Por eso, muy pronto acumuló asentamientos humanos irregulares, muchos de los cuales se han regularizado, pero igual una buena cantidad ya suman muchos años a la espera de ser puestos en orden.
Pero igual, en tanto llega la regularización para estas colonias, surgen otras que se establecen para convertirse en asentamientos que suman una larga lista de problemas sociales para la dinámica ciudad turística.
Es el otro Cancún, ese que ni siquiera imagina el turista que viene a disfrutar de sus playas, atractivos naturales, historia y de sus servicios de alta calidad.

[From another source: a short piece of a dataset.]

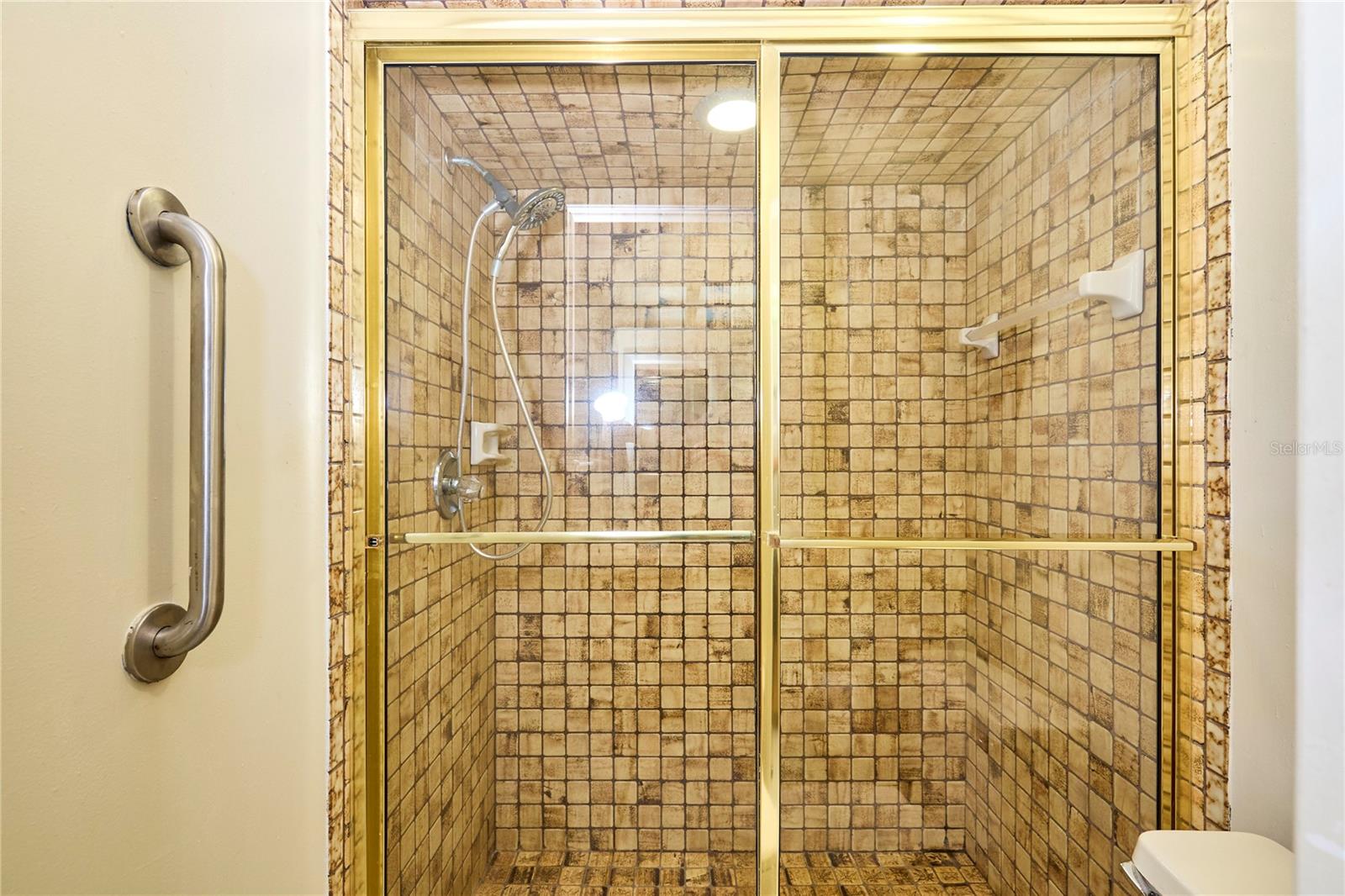 15917 DOVER CLIFFE DR, LUTZ, FL, 33548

Sin embargo, si es ese Cancún que ha quedado en registros de diversos estudios de instituciones públicas y privadas, que se han dado la tarea de no sólo tratar de explicar este fenómeno socioeconómico, sino también buscar alternativas para hacerle frente.

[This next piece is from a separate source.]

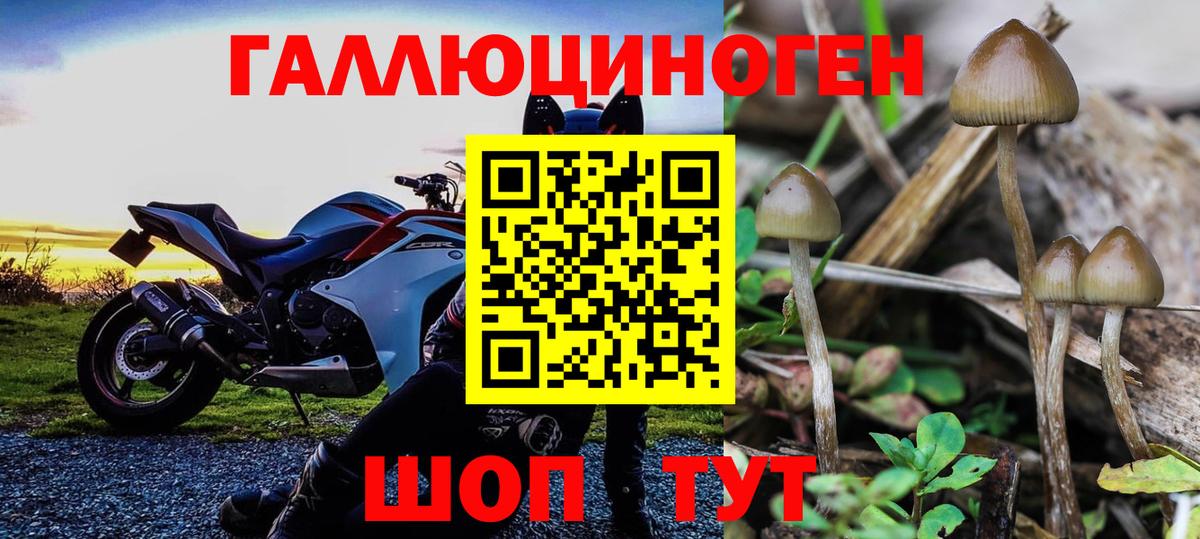 Псилоцибиновые грибы мицелий Можайск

De esta manera se han presentado fenómenos que no solo aparecen en las zonas irregulares, sino que también ocurren en muchas colonias populares de la ciudad, como es el caso de los llamados "niños de la llave".
Se trata de esos niños que se quedan solos durante gran parte del día y, en algunos casos, todo el día, sin el respaldo de algún adulto que se haga cargo de ellos, debido a que los papás no tienen dónde dejarlos o quien se haga cargo de ellos.
Se les conoce como "niños de la llave", debido a que sus padres, aunque es más común que ocurra entre madres solteras, los dejan con la llave de casa para que vayan a la escuela y regresen.
De estos casos, los infantes que viven en asentamientos irregulares sólo tienen tres opciones mientras los adultos trabajan: jugar todo el día fuera, con piedras, palos o lo que encuentren en la calle, cuidándose de los robos, las agresiones y el reclutamiento forzado; quedarse a cargo de su abuela o alguna vecina desempleada; o encerrados en sus casas bajo cadenas y candados.
De hecho, las bandas criminales han encontrado en los asentamientos irregulares condiciones favorables para sus ilícitos, como el narcomenudeo, actividad en donde los menores de edad es un sector vulnerable al que abordan con el objeto de reclutarlos o para surtirles droga.
Más allá de proyectos y planes que busquen proteger en especial a "los niños de la llave" de colonias irregulares, sería deseable el desarrollo de políticas públicas más amplias que generen el mejoramiento de las condiciones de quienes habitan asentamientos de este tipo.
Es una tarea que queda pendiente, que necesariamente debería de ser tema a tratar por quienes irán en busca de la gubernatura de Quintana Roo o por otros cargos de elección popular que estarán en juego en 2027.